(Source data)

|---|

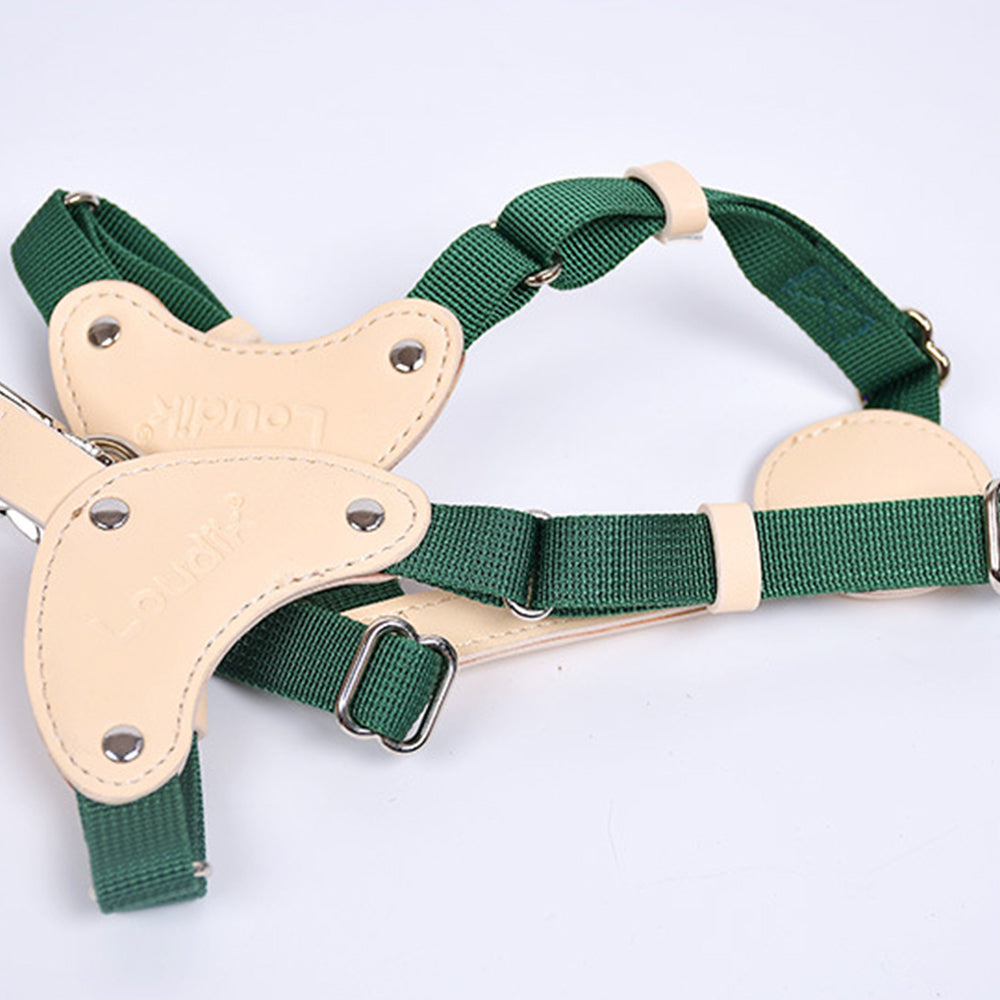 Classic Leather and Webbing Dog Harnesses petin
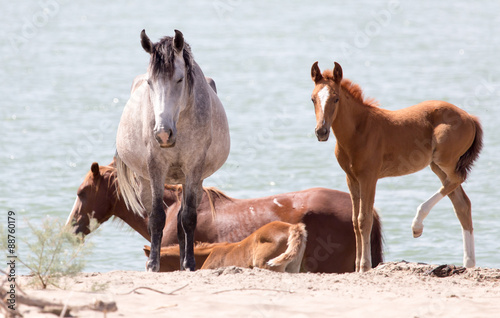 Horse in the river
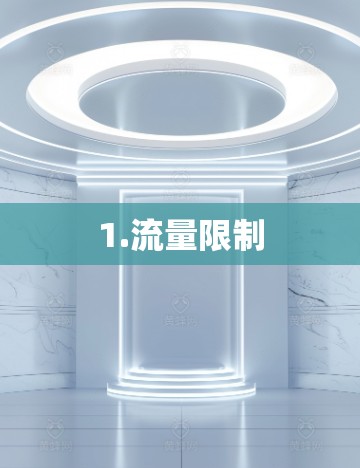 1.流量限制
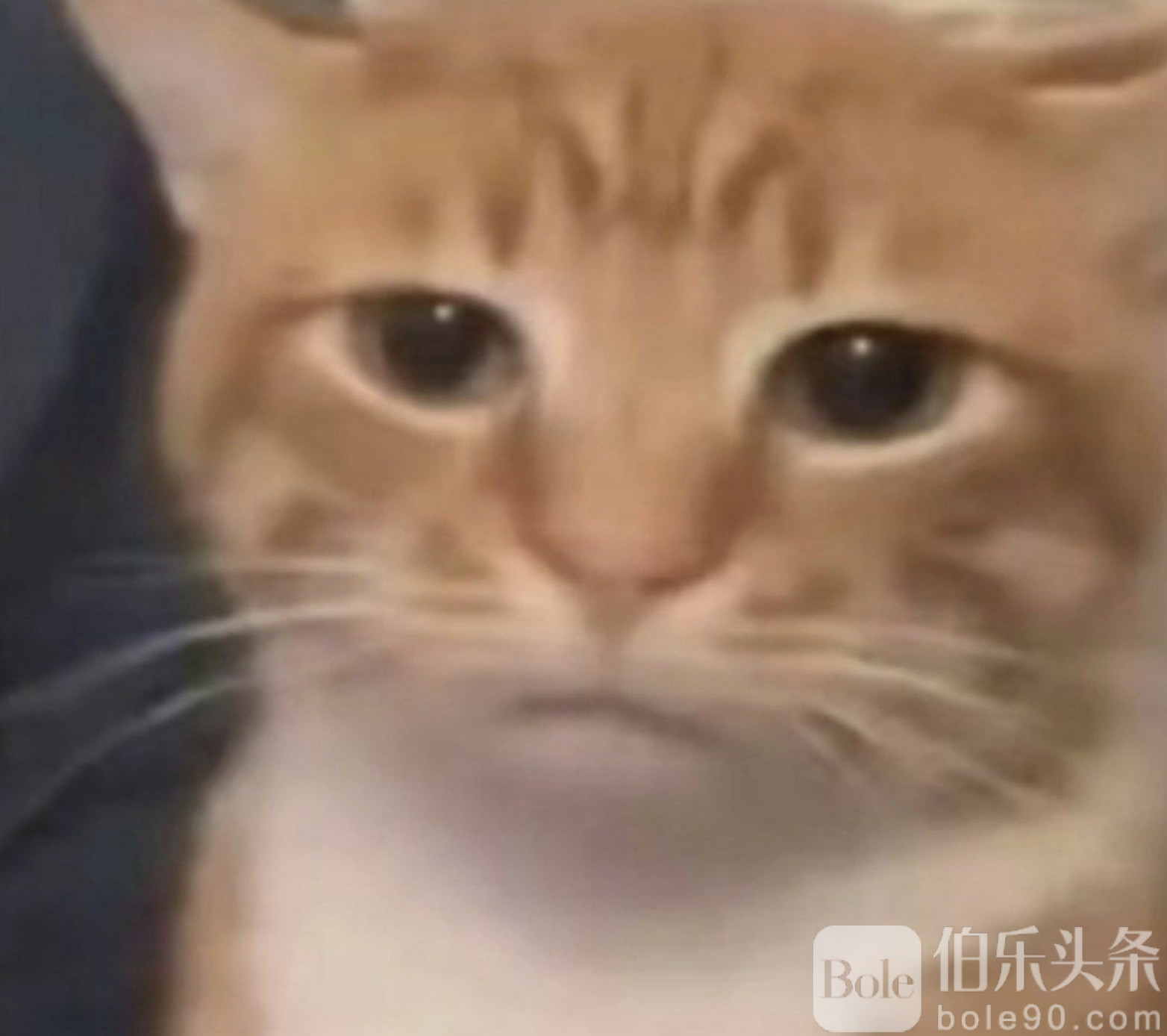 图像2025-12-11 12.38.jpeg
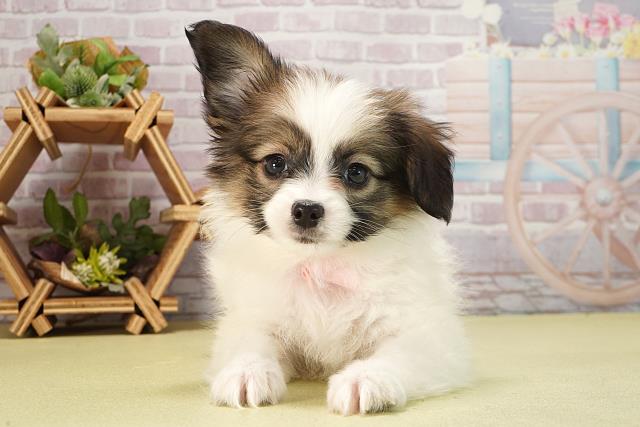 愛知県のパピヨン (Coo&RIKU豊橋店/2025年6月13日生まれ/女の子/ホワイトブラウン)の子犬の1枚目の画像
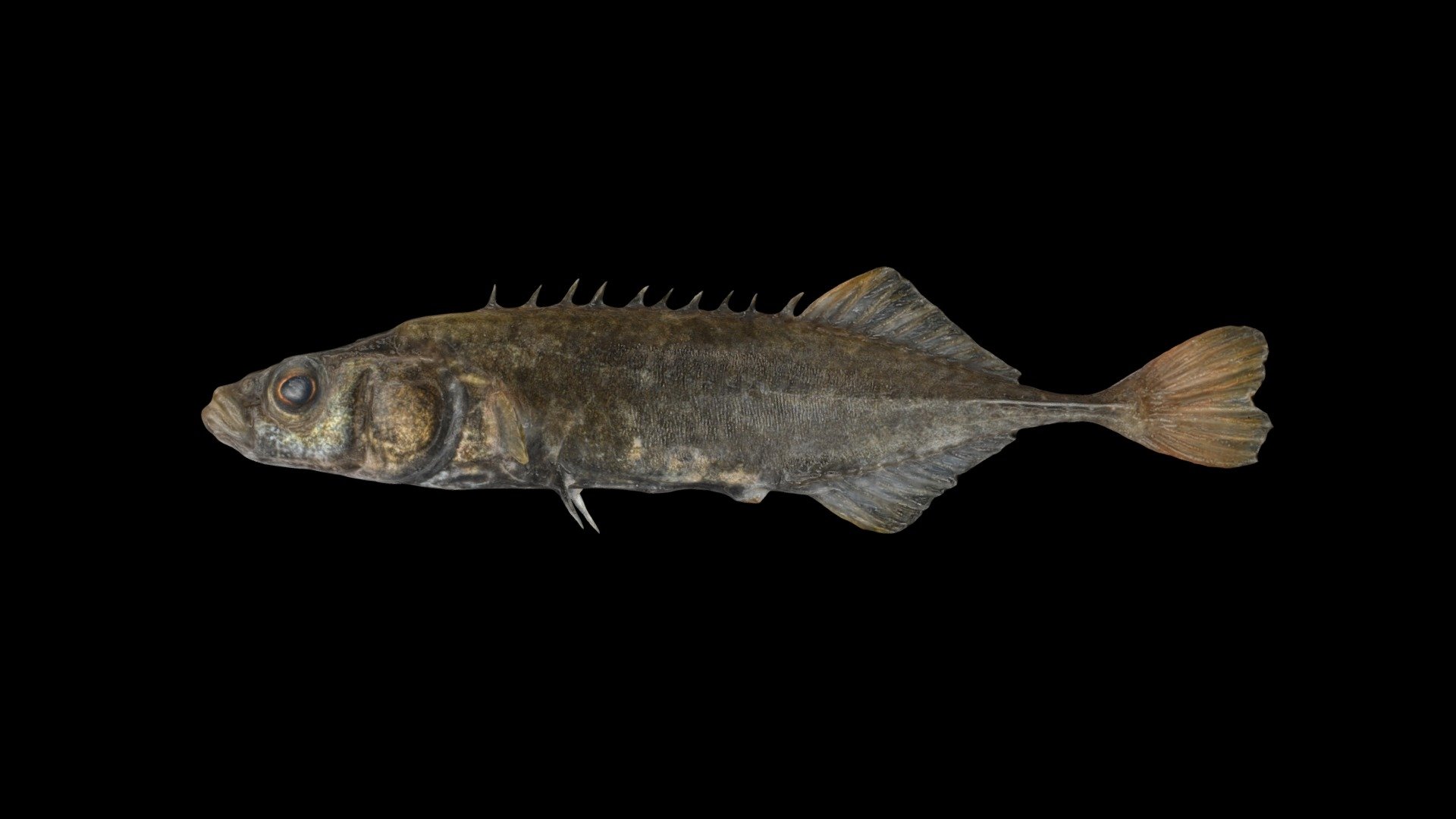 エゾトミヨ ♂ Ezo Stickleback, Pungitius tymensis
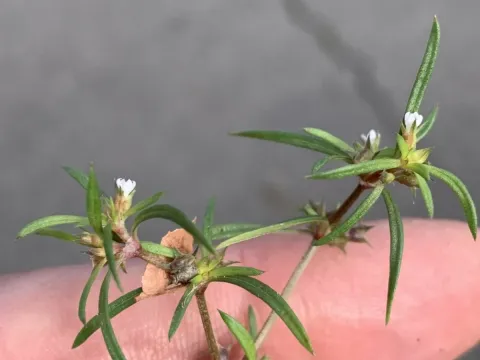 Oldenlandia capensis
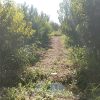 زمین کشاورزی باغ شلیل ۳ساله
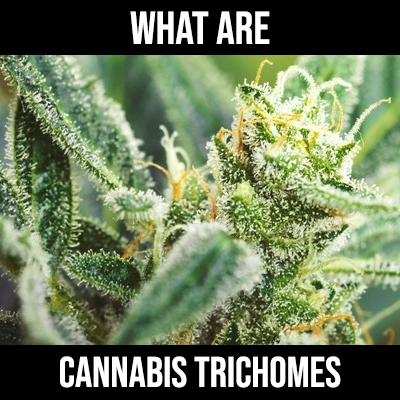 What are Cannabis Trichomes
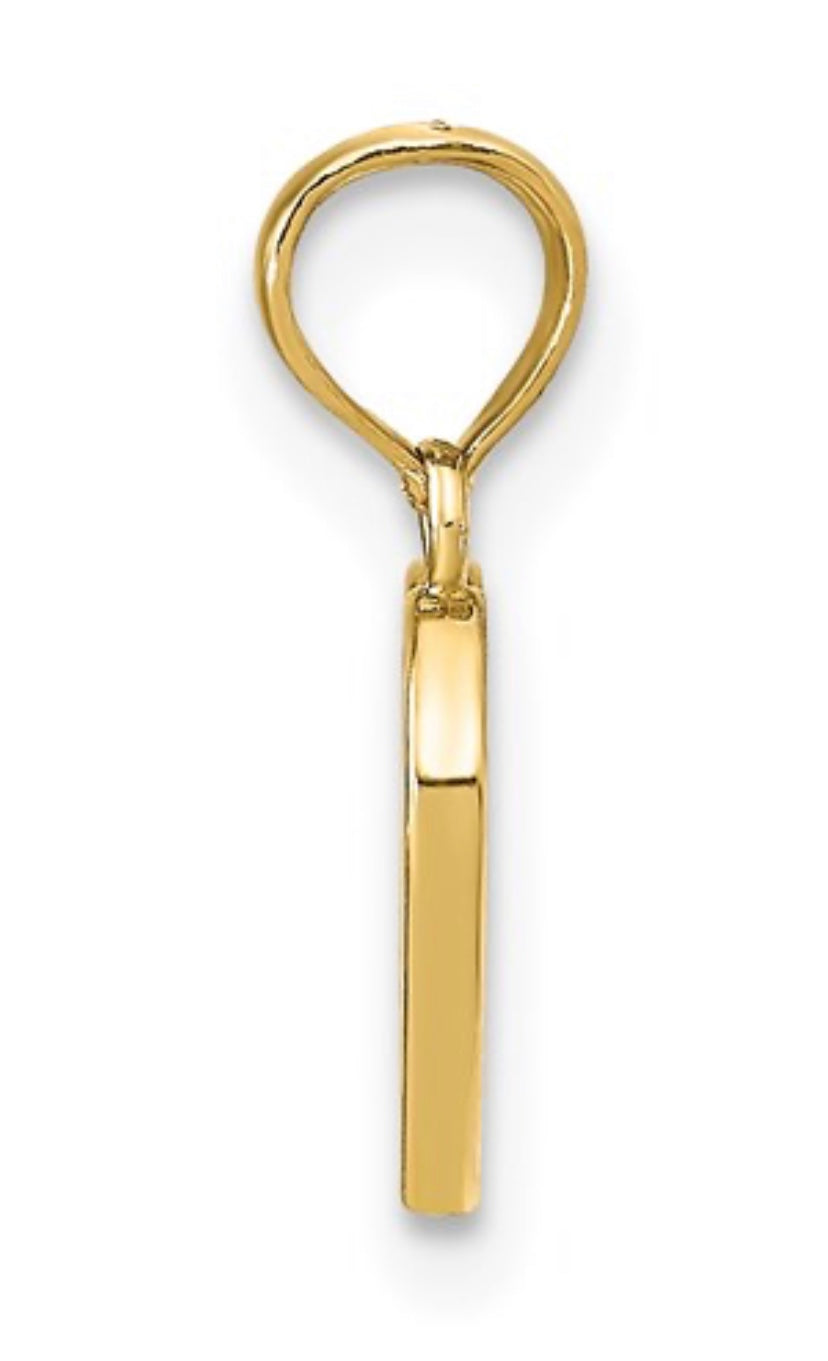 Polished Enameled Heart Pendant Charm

|---|

Go through the entries and retype them exactly, except for the images.

*EXERCISE OUTPUT*
 Classic Leather and Webbing Dog Harnesses petin
 Horse in the river
 1.流量限制
 图像2025-12-11 12.38.jpeg
 愛知県のパピヨン (Coo&RIKU豊橋店/2025年6月13日生まれ/女の子/ホワイトブラウン)の子犬の1枚目の画像
 エゾトミヨ ♂ Ezo Stickleback, Pungitius tymensis
 Oldenlandia capensis
 زمین کشاورزی باغ شلیل ۳ساله
 What are Cannabis Trichomes
 Polished Enameled Heart Pendant Charm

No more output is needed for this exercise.